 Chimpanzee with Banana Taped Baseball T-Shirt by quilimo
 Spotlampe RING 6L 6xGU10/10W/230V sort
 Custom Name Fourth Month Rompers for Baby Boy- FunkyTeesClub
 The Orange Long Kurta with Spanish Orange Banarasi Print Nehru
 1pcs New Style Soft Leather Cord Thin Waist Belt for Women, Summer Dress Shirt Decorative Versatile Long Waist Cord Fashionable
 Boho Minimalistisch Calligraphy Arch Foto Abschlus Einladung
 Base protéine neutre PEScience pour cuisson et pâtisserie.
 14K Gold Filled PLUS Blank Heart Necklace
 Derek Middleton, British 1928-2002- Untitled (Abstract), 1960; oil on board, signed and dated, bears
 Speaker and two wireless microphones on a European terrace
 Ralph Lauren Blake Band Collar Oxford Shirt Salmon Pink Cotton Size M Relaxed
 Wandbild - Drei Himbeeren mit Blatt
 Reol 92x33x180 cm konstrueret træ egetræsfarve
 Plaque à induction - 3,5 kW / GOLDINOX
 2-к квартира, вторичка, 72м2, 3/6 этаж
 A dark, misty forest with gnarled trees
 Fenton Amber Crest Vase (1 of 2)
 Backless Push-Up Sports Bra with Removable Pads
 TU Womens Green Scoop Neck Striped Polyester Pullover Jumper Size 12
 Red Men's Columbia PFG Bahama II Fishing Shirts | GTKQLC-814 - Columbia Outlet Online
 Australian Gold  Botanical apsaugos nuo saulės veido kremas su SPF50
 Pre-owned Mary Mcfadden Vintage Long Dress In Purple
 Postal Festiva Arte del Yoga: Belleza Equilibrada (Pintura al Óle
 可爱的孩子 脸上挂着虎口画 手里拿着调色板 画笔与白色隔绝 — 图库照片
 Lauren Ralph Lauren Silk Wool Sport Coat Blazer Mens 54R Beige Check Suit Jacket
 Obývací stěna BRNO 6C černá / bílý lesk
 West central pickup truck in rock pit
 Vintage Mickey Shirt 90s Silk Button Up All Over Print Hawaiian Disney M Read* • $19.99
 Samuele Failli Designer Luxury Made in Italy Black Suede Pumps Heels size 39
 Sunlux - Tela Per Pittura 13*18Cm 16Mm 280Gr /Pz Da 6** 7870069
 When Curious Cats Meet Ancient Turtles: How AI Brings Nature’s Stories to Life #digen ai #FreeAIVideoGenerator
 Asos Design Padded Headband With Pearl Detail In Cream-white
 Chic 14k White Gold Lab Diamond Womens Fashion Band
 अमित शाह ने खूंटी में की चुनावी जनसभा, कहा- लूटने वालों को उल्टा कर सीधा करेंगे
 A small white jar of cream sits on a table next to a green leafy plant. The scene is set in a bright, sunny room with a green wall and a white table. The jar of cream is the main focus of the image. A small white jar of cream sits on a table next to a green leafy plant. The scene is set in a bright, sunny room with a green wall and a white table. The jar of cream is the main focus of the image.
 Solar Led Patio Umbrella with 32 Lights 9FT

:: Exercise ::
Give only the number of lines in the entries that contain "Print".

:: Result below ::
2